- [What the exercise asks] Exact copy, pictures excluded: set down only the lines from the one with "考研国家线2022，揭秘发布时间与备考策略" through the end of the entries, keeping both end lines.

- [Task inputs]
+++

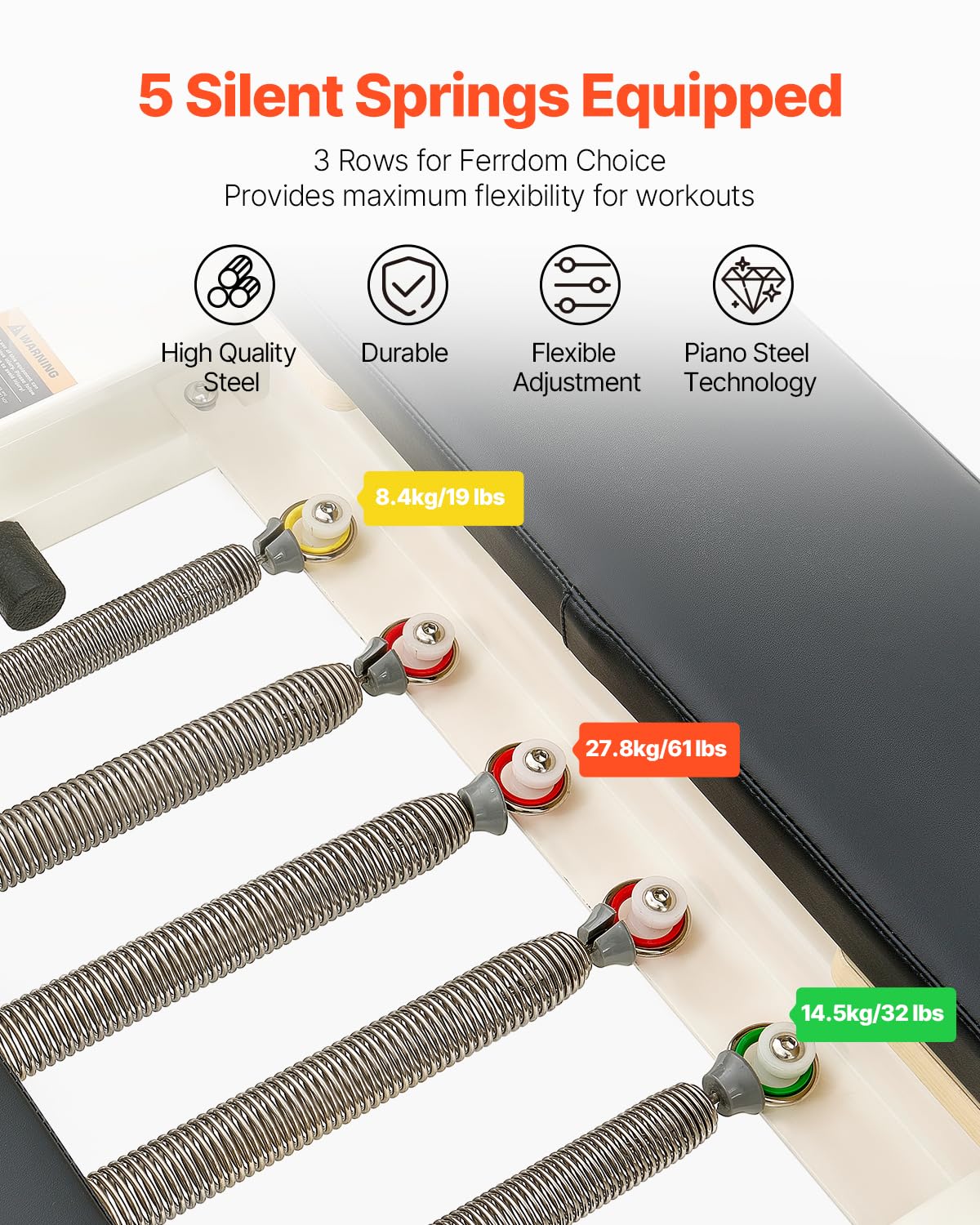 VEVOR Foldable Pilates Reformer Machine, Reformer Set with Sitting Box, Pilates Bed with Dual Resistance- Spring & Cord, for Advanced Users & Beginners Home Gym Studio, Up to 400 LBS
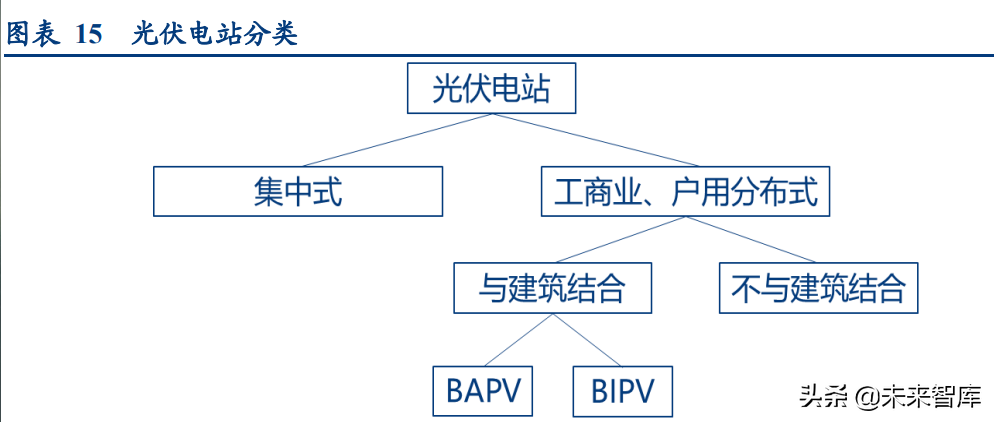 硒和锡是同一个产品吗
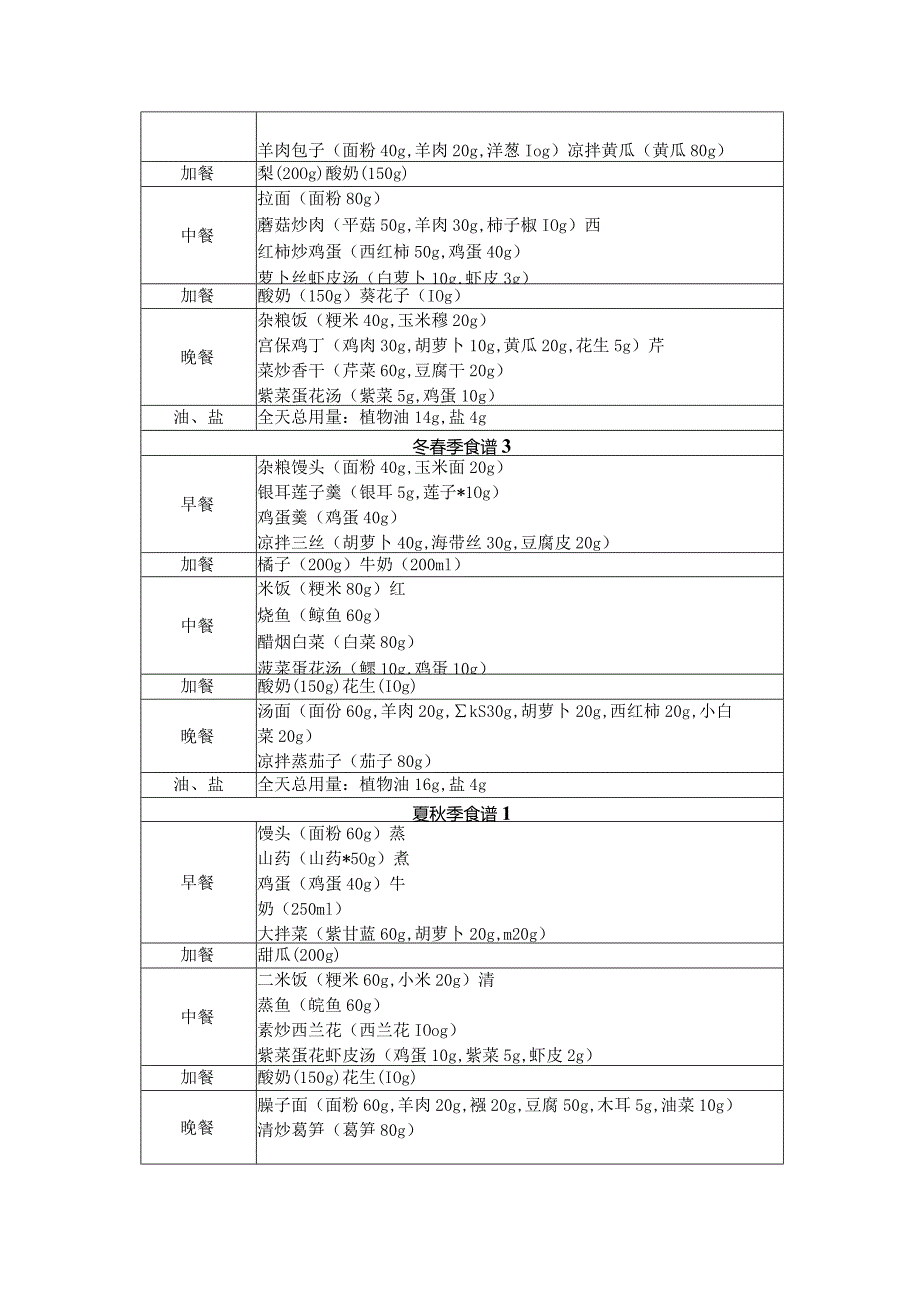 不同地区儿童青少年食谱示例.docx_第2页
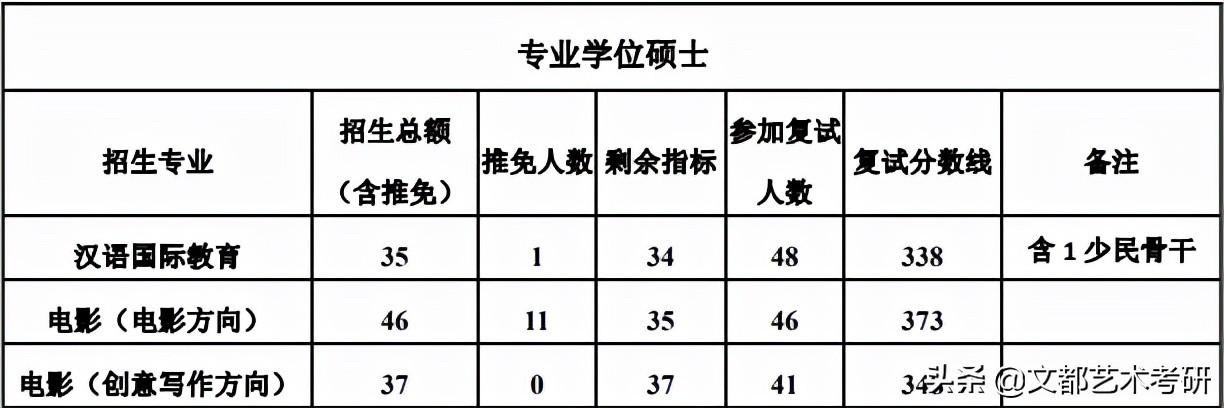 考研国家线2022，揭秘发布时间与备考策略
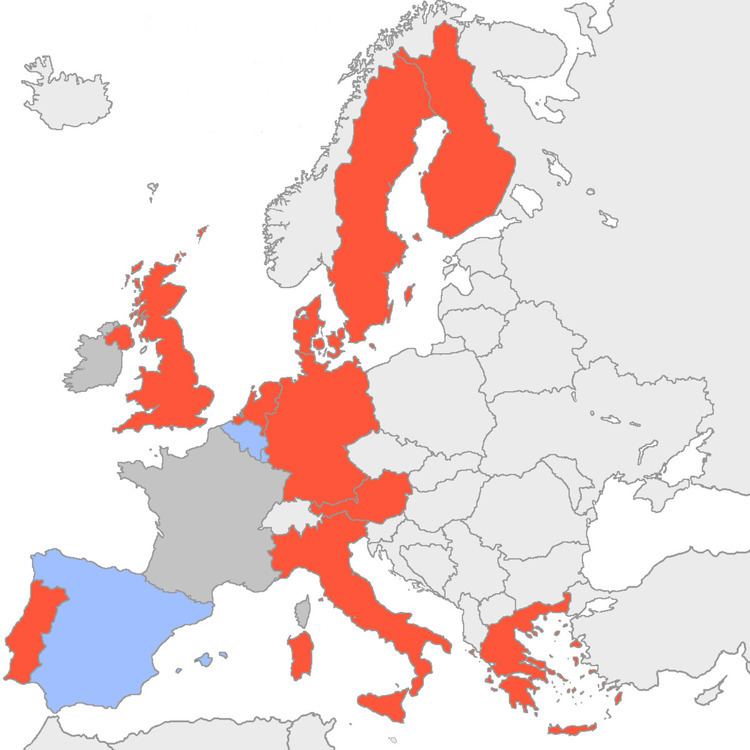 Parties in the European Council during 1999
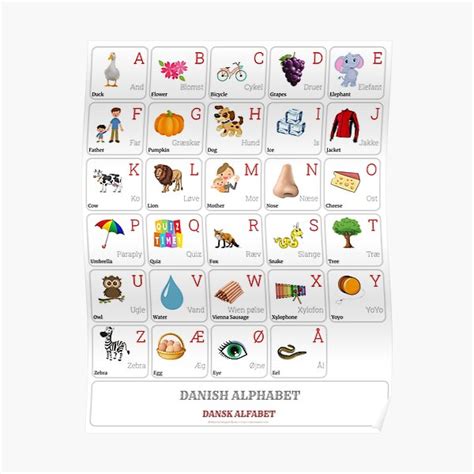 Danish Alphabet Chart With Words And English Translations Printable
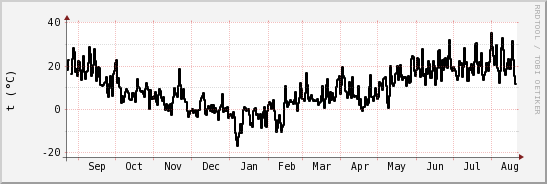 wykres przebiegu zmian windchill temp.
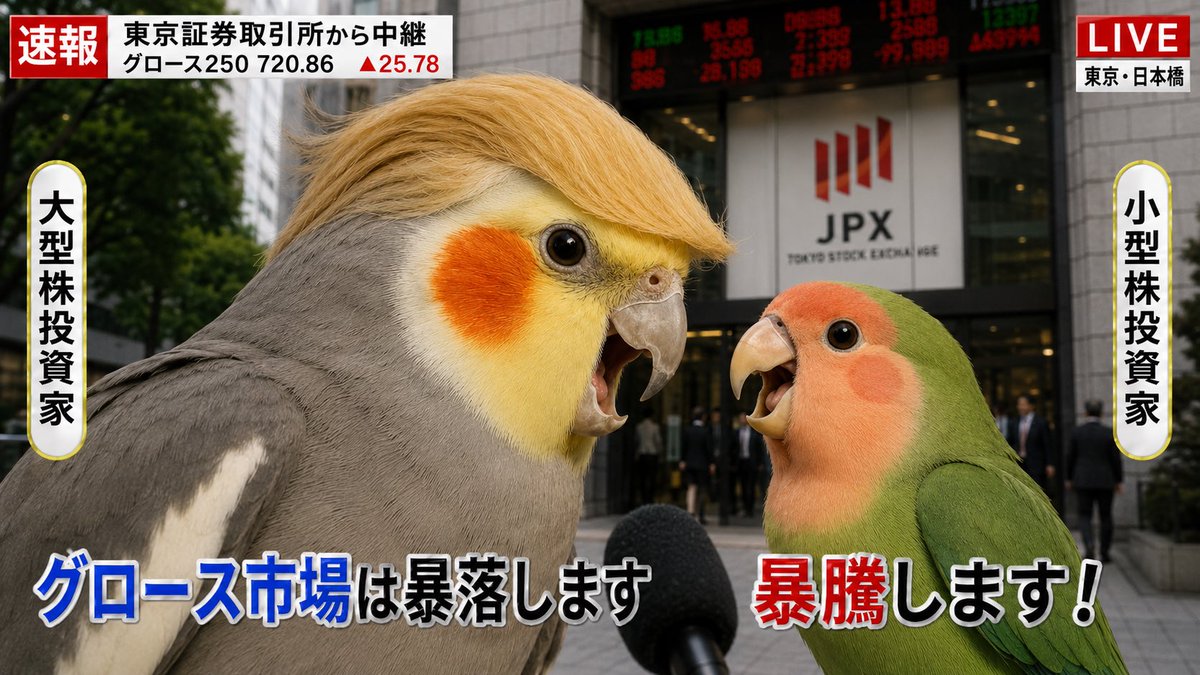 2okutameo's tweet photo. 本日のグロース株 https://t.co/QKvXv43FJA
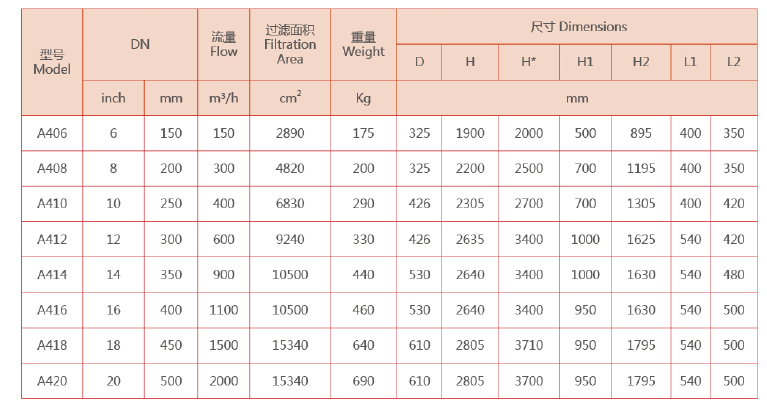 立式自清洗過濾器選型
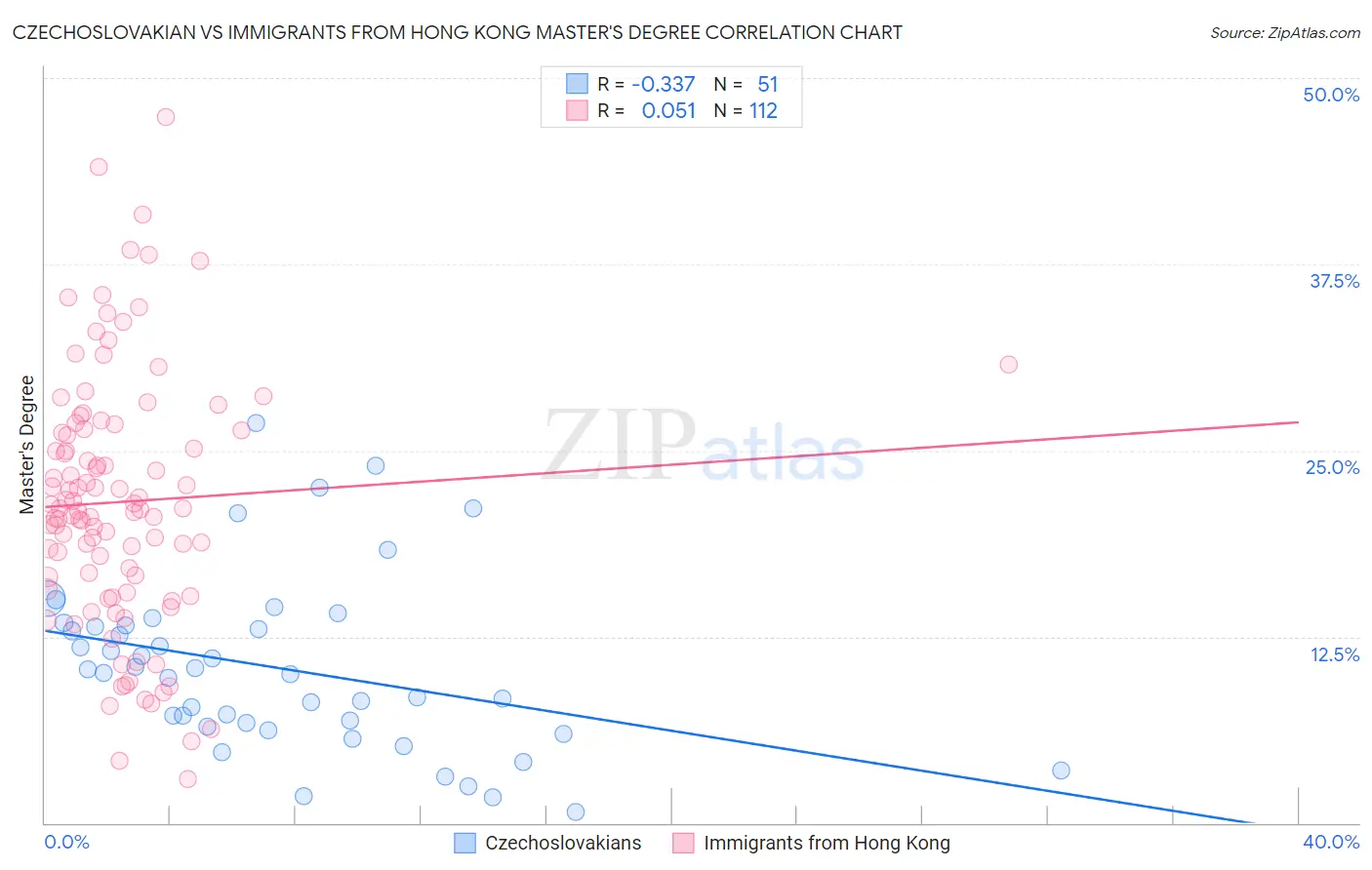 Czechoslovakian vs Immigrants from Hong Kong Master's Degree
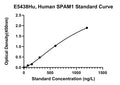 Human Hyaluronidase Ph-20, SPAM1 ELISA Kit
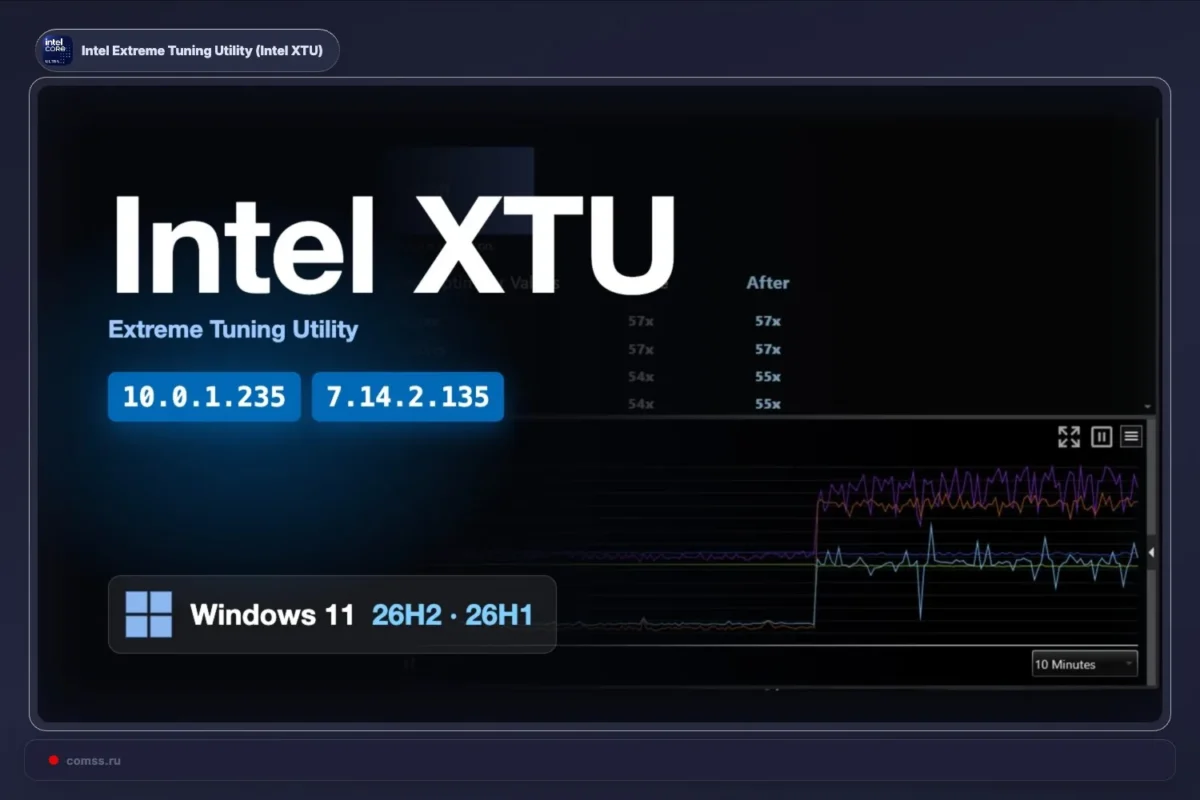 Intel atnaujino Intel Extreme Tuning Utility versijų sąrašą skirtingiems procesoriams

+++

- [Task solution]
 考研国家线2022，揭秘发布时间与备考策略
 Parties in the European Council during 1999
 Danish Alphabet Chart With Words And English Translations Printable
 wykres przebiegu zmian windchill temp.
 2okutameo's tweet photo. 本日のグロース株 https://t.co/QKvXv43FJA
 立式自清洗過濾器選型
 Czechoslovakian vs Immigrants from Hong Kong Master's Degree
 Human Hyaluronidase Ph-20, SPAM1 ELISA Kit
 Intel atnaujino Intel Extreme Tuning Utility versijų sąrašą skirtingiems procesoriams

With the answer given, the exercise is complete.